For example, in one embodiment, the substrate 210 may have a size of 20 mm x 4.5 mm x 0.4 mm. Further, the thickness of the substrate 210 is preferably less than 1 mm to thereby enhance the coupling mechanism between the first radiating portion 221 and the conductive portion 330. The coupling pitch D2 can be 2.5 mm. The length D31 and the width D32 of the slotted hole 181 may be 17.5 mm and 4 mm, respectively, and the length D33 of the open end 311 of the slotted hole 181 may be 5 mm. Further, the width D34 of the conductive segment 330 may be 1.5 mm. Thereby, the frequency range of the second frequency band covered by the antenna structure 140 can be 2.4 GHz to 2.5 GHz, and the frequency band of the second frequency band can be combined with the first frequency band of the antenna structure 140, thereby making the antenna structure 140 operable. The frequency range includes 5.15GHz ~ 5.875GHz.

With continued reference to FIG. 1, the antenna structures 140-170 in the electronic device 100 have the same configuration. For example, FIG. 5 and FIG. 6 are respectively schematic projection views of an antenna structure according to another embodiment of the present invention. As shown in FIG. 5, the antenna structure 150 includes a portion of the conductive housing 111, the substrate 510, the radiating element 520, and the grounding element 530, and the radiating element 520 includes first and second radiating portions 521 and 522. As shown in FIG. 6, the antenna structure 160 includes a portion of the conductive housing 111, the substrate 610, the radiating element 620, and the grounding element 630, and the radiating element 620 includes first and second radiating portions 621 and 622. Further, the antenna structure 170 includes a portion of the conductive housing 111, the substrate 710, the radiating element 720, and the grounding element 730, and the radiating element 720 includes first and second radiating portions 721 and 722. In addition, the detailed structure and operation of each of the antenna structures 150-170 (for example, the conductive housing 111, the radiating elements 520-720 and the grounding elements 530-730) are included in the above embodiments of FIGS. 2-4, so This is not to repeat.

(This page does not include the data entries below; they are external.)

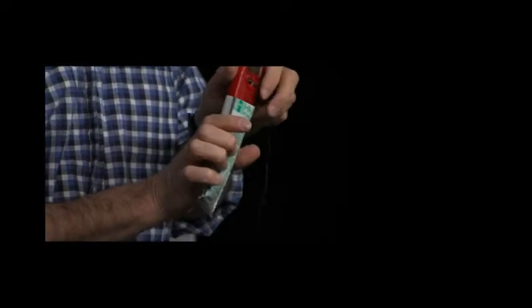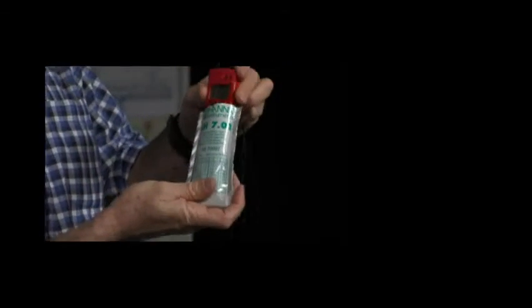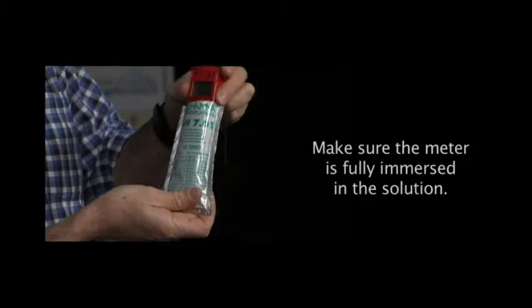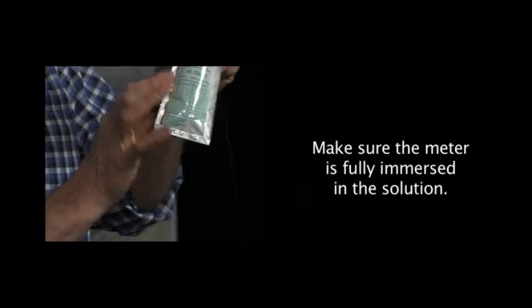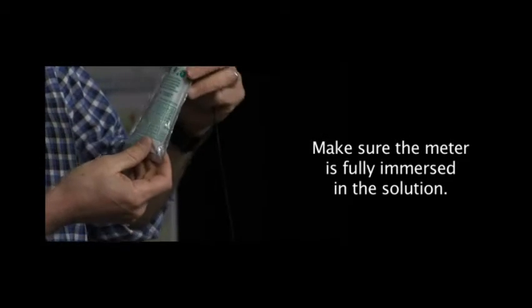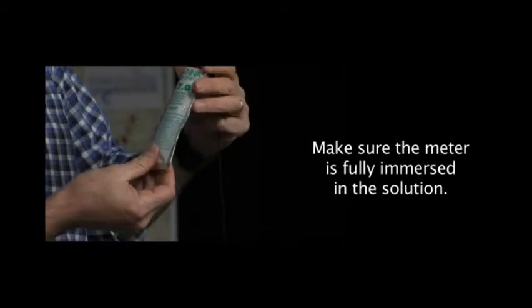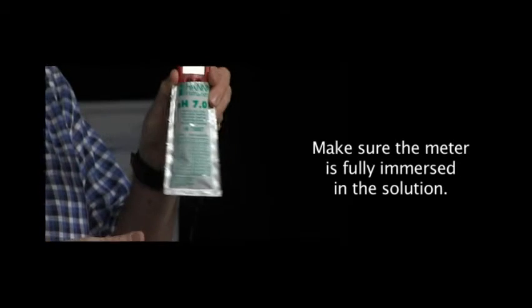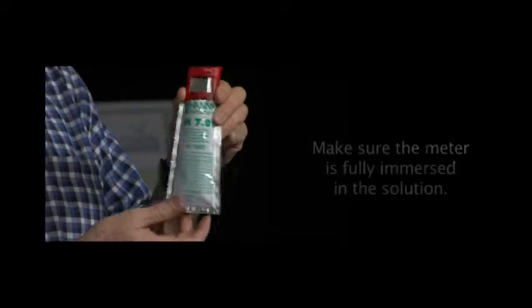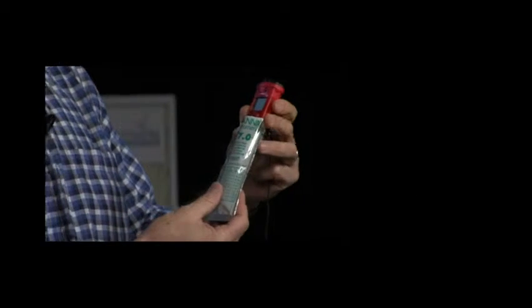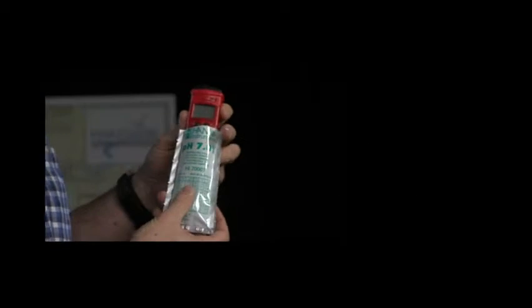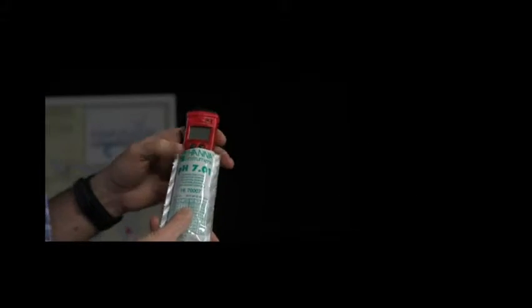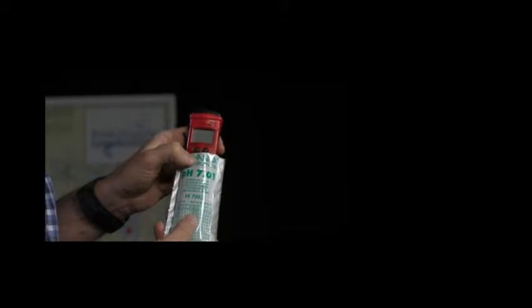We'll put the meter down in the packet. There's a little bit of fluid in there that is a known pH of 7.01. Shake it around a little bit. We're going to turn the meter on by pushing the left button.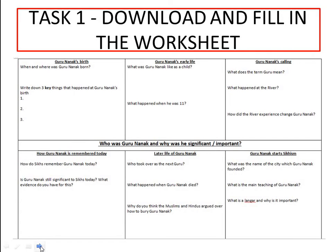In the class materials there is a Word document with the worksheet on it. You need to download it and save it onto your device, into your documents, and then you should be able to write on it. If you can't, then do it in your exercise book, on a piece of paper, or on a Word document. But you should be able to download it, save it, and write on it.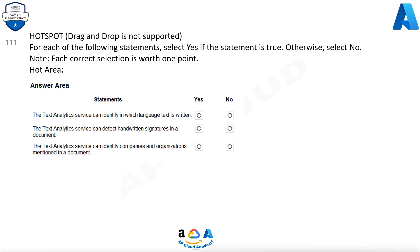Question 111. For each of the following statements, select Yes if the statement is true. Otherwise, select No. Note, each correct selection is worth 1 point.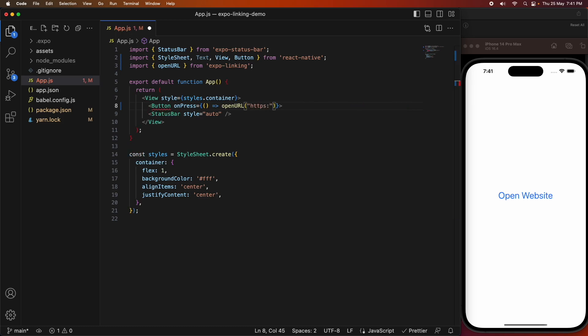I'm just going to link you to the Expo documentation on linking. You can also do linking to your mobile app, and if you're wanting to hear more about that, let me know in the comments and I'll make another video on that.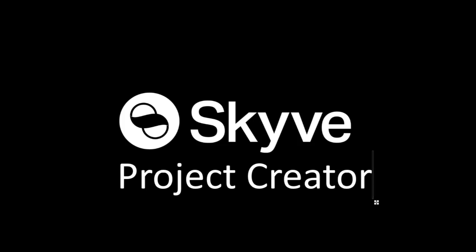Welcome to this introduction video on using the Skyve Project Creator. In this video, I'm going to run you through creating, configuring and deploying your first Skyve Java project.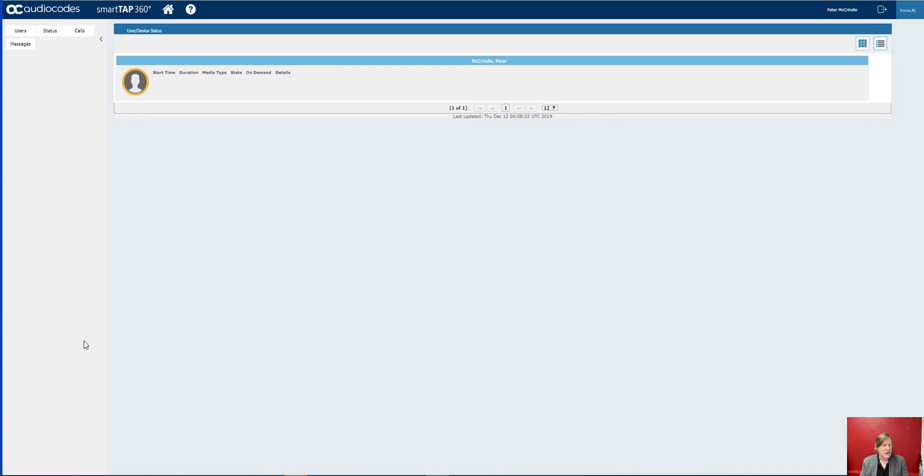We all know that Teams has got IVR, call queuing, logging in and logging out of those groups. What's been missing to date has been the call recording. Well not now.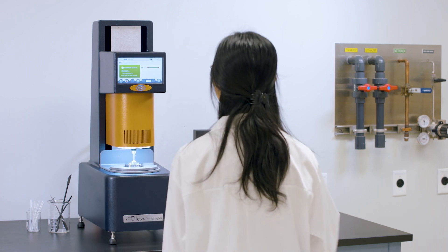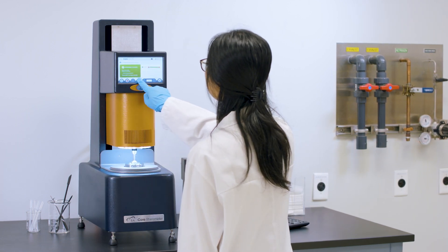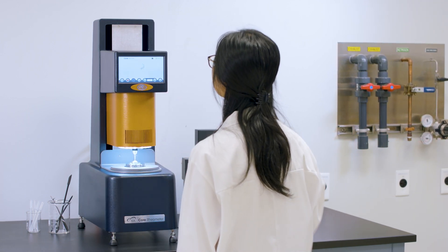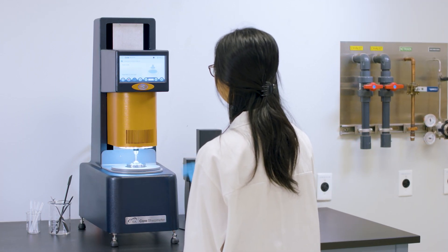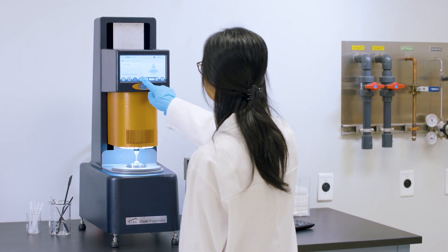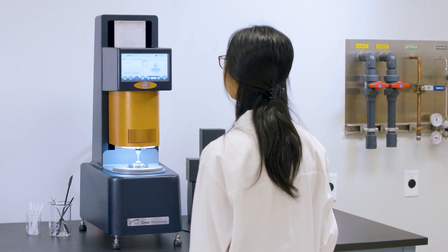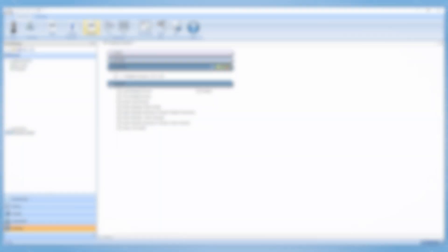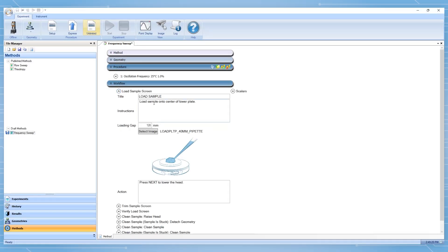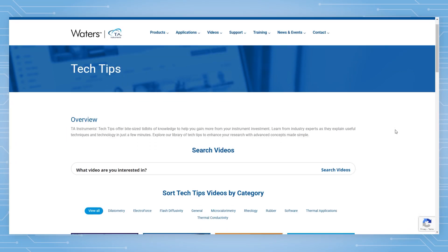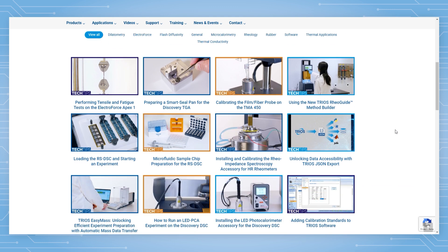The RayoGuide interface enables complete instrument operation directly from the touchscreen through methods that incorporate guided steps and illustrations. Methods are created using the TRIOS method builder and are transferred to the touchscreen, as described in the Tech Tip using the new TRIOS RayoGuide method builder.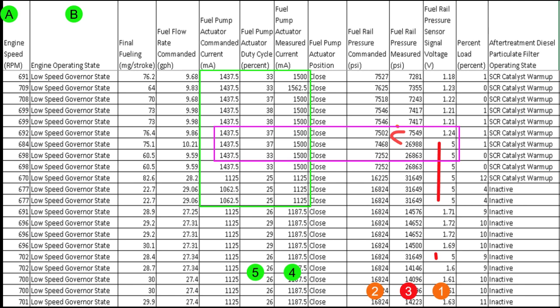Next thing I want you to look at is that green rectangle right in the center. And that is encompassing the fuel actuator's commanded current. And the more current we send to the fuel actuator, the less fuel pressure we can make. So, current supplied to the actuator on the injection pump cuts fuel pressure back. If you remove current, it drives fuel pressure up.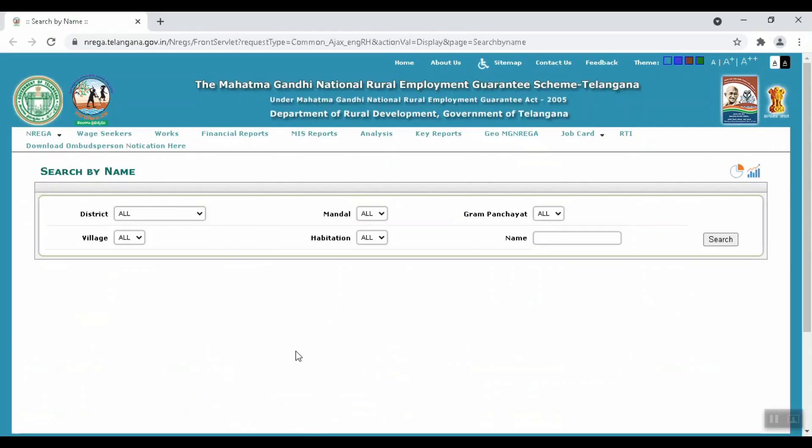I will search for this website. I will give you a link in the description — click on this website directly.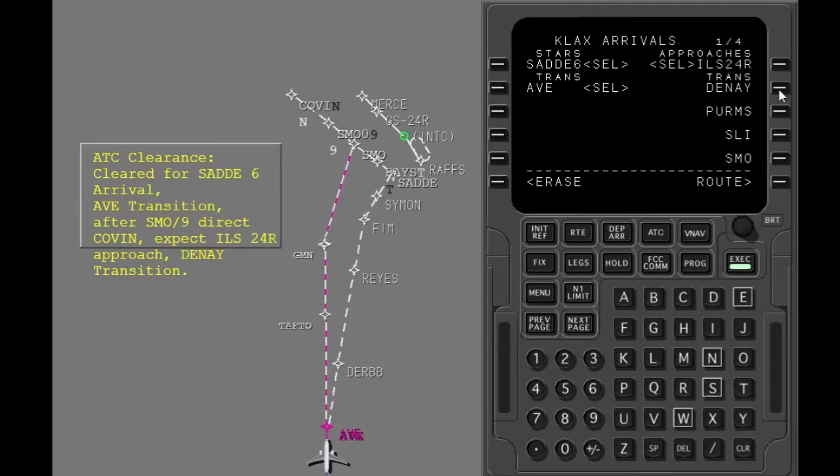Select the approach transition. The star and its transition, the approach and its transition have been entered. However, these entries often create route discontinuities.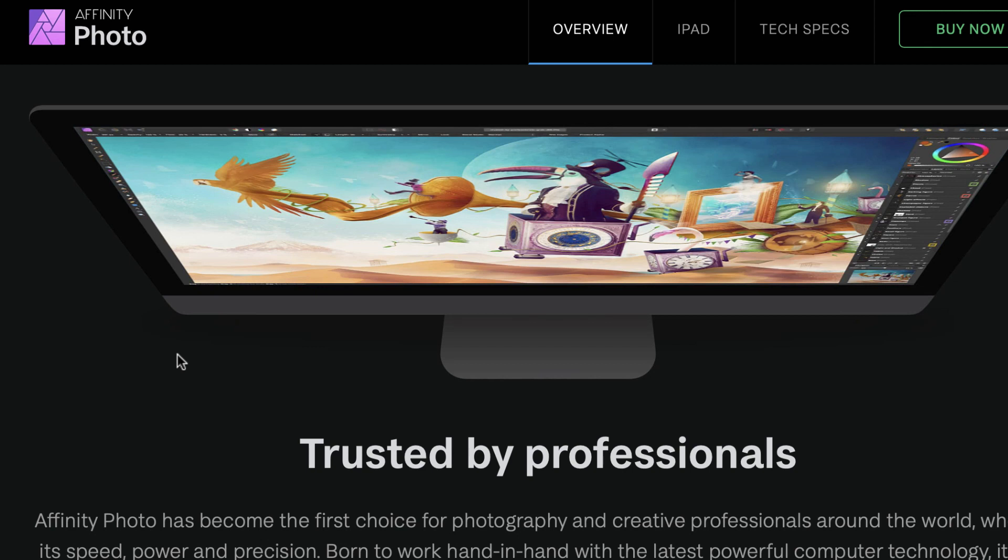Hello friends, welcome to the Take Better Photos channel. We're here with another video asking another vexing question: Which is better for raw editing? Affinity Photo or Pixelmator Pro?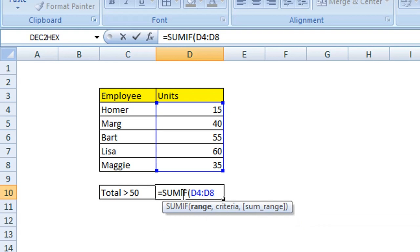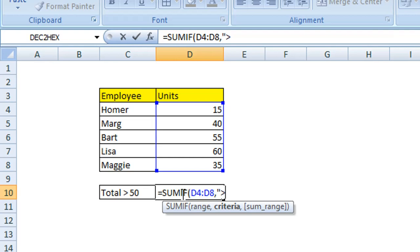Then we enter a comma, and then we enter a quotation mark. Because we now enter the criteria part of the function, and we want to say any value that is greater than 50. Then we use our closing quotation mark.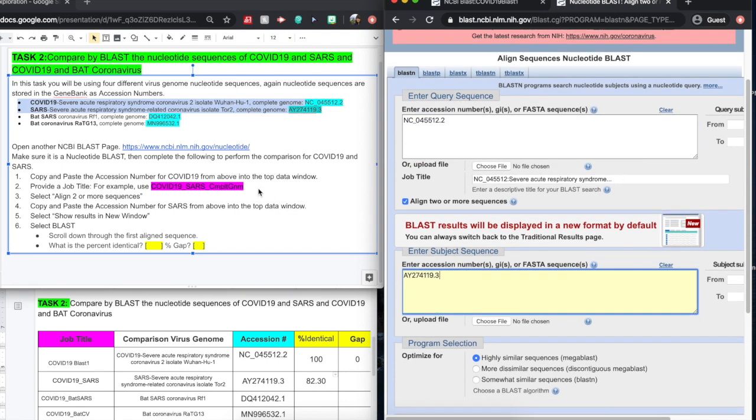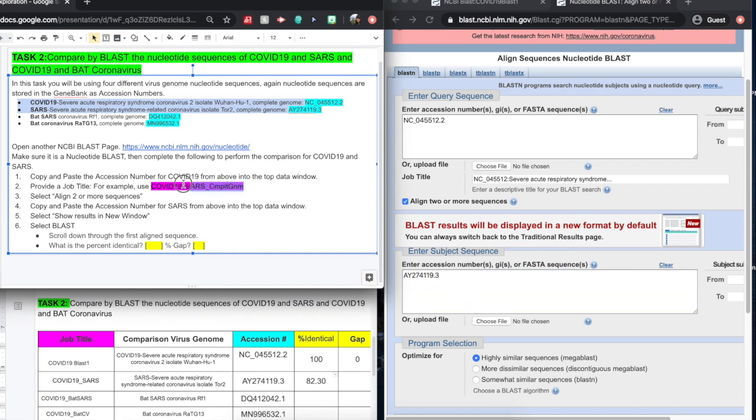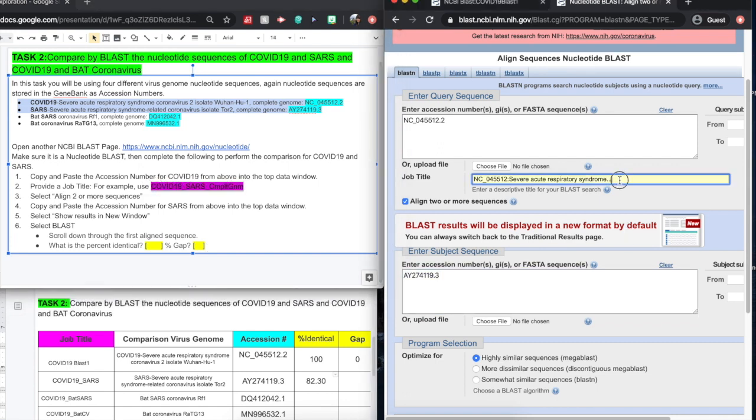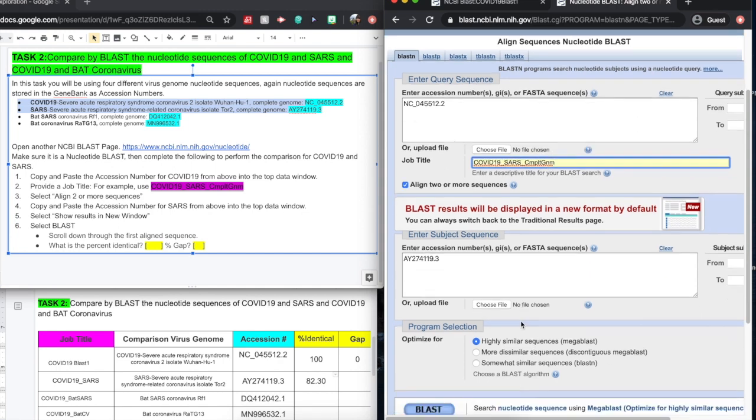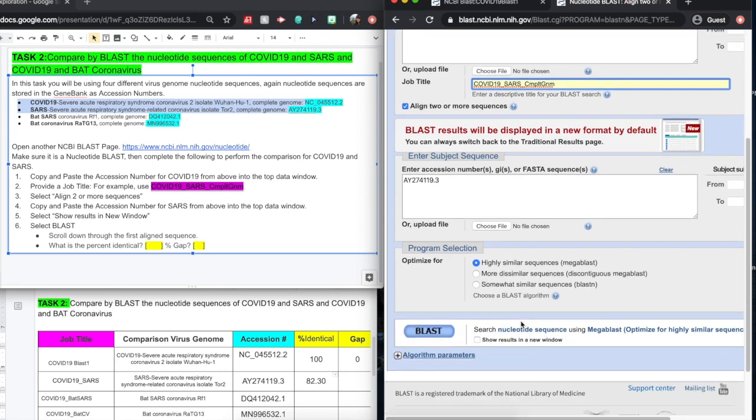It's also important to include our title. So I'm going to copy and paste the title. We're going to see shortly how many tabs are going to open up at the top of our screen here. And just before we're done, we hit BLAST.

It is worth mentioning that the antenna structures 140-170 can be disposed along a conductive bezel that surrounds the display panel 112. For example, with respect to the antenna structures 140 and 150 disposed above the display panel 112, the closed ends of the slotted holes 181 and 182 may point in the -X axis or the +X axis direction. For the antenna structures 160 and 170 disposed on the left and right sides of the display panel 112, the closed ends of the slotted holes 183 and 184 may point in the -Y axis or the +Y axis direction. In addition, in an embodiment, the distance D11 between the antenna structures 140 and 150 and the two sides of the conductive housing 111 may be 50 mm, and the distance D12 between the antenna structures 160 and 170 and the bottom edge of the conductive housing 111 may be 15 mm. Although FIG. 1 illustrates the arrangement of the slotted holes 181 to 184, it is not intended to limit the present invention.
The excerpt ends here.